After the collective pullback of Baima stocks, the stock market linkage recurred again in the steel industry. On November 30, the rebar main 1805 contract hit an intraday high of 4043 yuan per ton, setting a new high in nearly four years. In fact, after entering the fourth quarter, domestic steel prices began to rebound continuously.
The 21st Century Business Herald reporter noted that the rebound in steel prices led by changes in supply and demand has now led the re-entry of funds. Take Masteel (600808.SH) as an example. At the end of September, the number of shares held by Shanghai Stock Exchange was 9.34 million shares, and by the end of November 29 it had risen to 19.4 million shares.

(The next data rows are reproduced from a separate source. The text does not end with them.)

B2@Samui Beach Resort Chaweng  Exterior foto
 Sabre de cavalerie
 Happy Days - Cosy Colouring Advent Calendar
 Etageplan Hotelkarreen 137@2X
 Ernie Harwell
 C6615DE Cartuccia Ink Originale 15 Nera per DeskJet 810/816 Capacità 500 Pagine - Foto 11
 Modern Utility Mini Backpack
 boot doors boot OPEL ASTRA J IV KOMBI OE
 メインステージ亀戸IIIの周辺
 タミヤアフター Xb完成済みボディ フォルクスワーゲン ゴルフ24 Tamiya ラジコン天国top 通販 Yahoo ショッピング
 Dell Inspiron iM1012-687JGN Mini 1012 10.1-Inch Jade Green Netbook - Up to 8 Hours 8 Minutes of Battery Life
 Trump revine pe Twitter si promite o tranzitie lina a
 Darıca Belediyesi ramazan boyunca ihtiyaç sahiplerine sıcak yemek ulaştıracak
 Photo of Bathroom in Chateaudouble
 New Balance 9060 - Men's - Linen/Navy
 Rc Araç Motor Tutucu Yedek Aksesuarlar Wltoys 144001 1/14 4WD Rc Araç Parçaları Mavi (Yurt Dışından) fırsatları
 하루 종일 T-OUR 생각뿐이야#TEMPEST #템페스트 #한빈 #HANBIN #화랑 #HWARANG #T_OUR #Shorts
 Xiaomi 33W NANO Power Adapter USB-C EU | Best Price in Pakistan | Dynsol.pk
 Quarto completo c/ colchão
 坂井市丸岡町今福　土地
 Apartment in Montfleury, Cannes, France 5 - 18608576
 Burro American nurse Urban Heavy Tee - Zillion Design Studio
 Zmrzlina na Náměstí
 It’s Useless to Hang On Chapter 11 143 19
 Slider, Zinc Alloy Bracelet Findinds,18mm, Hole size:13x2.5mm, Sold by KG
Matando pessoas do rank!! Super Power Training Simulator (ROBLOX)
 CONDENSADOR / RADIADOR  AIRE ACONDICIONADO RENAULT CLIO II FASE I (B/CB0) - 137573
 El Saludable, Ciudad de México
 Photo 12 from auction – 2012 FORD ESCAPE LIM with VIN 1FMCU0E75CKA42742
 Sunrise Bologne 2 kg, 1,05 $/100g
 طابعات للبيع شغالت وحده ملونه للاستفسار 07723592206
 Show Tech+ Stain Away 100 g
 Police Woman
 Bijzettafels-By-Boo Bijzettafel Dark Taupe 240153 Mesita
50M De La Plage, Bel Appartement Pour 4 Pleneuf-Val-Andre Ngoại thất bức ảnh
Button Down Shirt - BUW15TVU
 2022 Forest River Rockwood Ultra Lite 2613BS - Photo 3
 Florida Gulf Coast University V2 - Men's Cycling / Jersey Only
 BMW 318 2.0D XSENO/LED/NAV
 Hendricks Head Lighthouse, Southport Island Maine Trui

It should be pointed out that the limited heating season will continue until March 15 next year, during which time it will support steel prices. Only the lower temperature in the north after December will have a certain impact on downstream demand. In contrast, the supply and demand of the southern steel companies will remain relatively stable, and the steel prices will remain high. This part of the listed steel companies will continue to increase their profits in the fourth quarter.
"Demand and supply double kill" falsification
As one of the main investment lines of this year's A-shares, the rise in steel prices has prompted a sharp increase in the earnings effect of steel stocks. However, since September, after the steel price broke the 4000 mark, steel prices began to decline.
At that time, the market expected that in the fourth quarter, under the influence of limited production in the north and work site shutdown, the local market supply and demand would both fall, and the corresponding prices would be difficult to maintain the upward trend.
However, the reality is not the case. On November 30, Zhuo Chuang, an information and steel industry analyst Wang Wenlu, pointed out that starting from November 10, the northern region began a large-scale promotion of limited production and the supply decreased.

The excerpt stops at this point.